I am currently living and working in NYC, and when I joined my job, I was awarded couple hundreds of stocks which will vest in periodic intervals over the next couple of years. On my 2020 W2, on box 14, I have line for RSU with value 85K which corresponds with the value of vested stock units in 2020. However, these value of stock units seemed to have been considered as income on my W2. But those stock units are in my brokerage account- I haven't sold them so I actually don't have money for them. What's more, when I go to do my taxes, it says I owe $6K in Federal taxes. However, every time the stock vested, my company took some amount of stock units and sold them off for tax(at a whopping 22% tax), so I have already paid tax on vested units. So for example:

Box 1(Wages, tips, other income): $222,647
Regular Income: $137,000
RSU: $85,000
Taxes Paid: $47,000

So it seems vesting stock units pushed my income level to another tax level(even though I actually don't have liquid money for the stocks) and the tax that I have already paid for my regular weekly wages + stock vesting isn't enough to cover the tax liability at that level. Is this a normal scenario? Shouldn't the taxes being taken out when the stock vests be enough cover the liability? If the stock tanks, wouldn't I be paying taxes for money I don't have ?


2 Answers 2


Here's a basic scenario to explain what's happening. Say you are awarded 1,000 shares of company stock that's worth $25 per share at the time of the vesting. When those shares are released to you, it counts as $25,000 of income (25 * 1,000). Just like "regular" income, a portion of that is withheld to cover at least part of your tax burden. Stock awards are treated like bonuses, so a flat 22% of that income must be withheld. They do that by withholding shares, so instead of 1,000 shares you get 880 shares worth $19,500 (780 * 25). The other $5,500 is paid to the government and including in your withholding when you file your taxes.

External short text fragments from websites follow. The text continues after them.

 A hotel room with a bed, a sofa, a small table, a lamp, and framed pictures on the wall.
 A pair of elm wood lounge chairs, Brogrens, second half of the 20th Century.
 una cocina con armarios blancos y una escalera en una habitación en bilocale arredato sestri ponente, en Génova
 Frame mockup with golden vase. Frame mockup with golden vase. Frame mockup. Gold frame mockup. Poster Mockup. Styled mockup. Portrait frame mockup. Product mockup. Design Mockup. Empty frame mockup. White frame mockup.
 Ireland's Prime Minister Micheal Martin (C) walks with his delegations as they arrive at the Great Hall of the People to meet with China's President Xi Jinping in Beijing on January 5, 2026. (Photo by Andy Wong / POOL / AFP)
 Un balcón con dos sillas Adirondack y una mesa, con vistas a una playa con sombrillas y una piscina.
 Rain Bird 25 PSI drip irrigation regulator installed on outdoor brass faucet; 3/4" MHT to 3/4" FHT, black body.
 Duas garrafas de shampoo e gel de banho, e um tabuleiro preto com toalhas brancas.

Since 22% is lower than your marginal tax bracket, that withholding wasn't enough to fully cover your overall tax bill, and you have tax due when you file. If instead, you had changed your W-4 to increase your withholding, more tax would have been taken out of your regular paycheck and you would have had a smaller tax bill at filling. So it's just a matter of when your tax is paid, not how much is paid.

I've ignored state taxes but those would be withheld in the same manner if you have state income tax.

If the stock tanks, wouldn't I be paying taxes for money I don't have ?

You are taxed on the income which is fixed no matter what the stock does after vesting. You can always sell your shares to cover your tax bill or just remove that risk.

Also note that if you have a loss after selling your shares, then that reduces your tax bill since it's basically an investment loss. And vice-versa. If the stock goes up after vesting and you sell for a gain, you'll pay capital gains tax on the gains. It's the exact same math as if you were paid a bonus in cash and used it to buy company stock.

When I receive RSUs, my thought is "if I had this much in cash, would I buy my company's stock?" The answer is almost always NO, and I sell my shares as soon as I can. I either have better uses for the money, like paying off debt or reinvesting in other things, so keeping it in my compnay's stock is not always the best decision.

  • Also, keep in mind that if the stock tanks, every share you sell at a loss will (at least in most scenarios) reduce your taxes. Jul 29, 2021 at 21:40

Withholding for RSUs is an estimate of the taxes that will be due, just as it is for any other type of income. In your case, the 22% withholding is significantly less than your 35% tax bracket, so you will owe additional tax.

I recommend that you increase your withholding for this year and future years by filing a new W-4 with an amount on line 4c to pay the additional amount of tax you owe on the RSUs.

If you’re concerned about the risk owning your company’s stock, then you should sell it.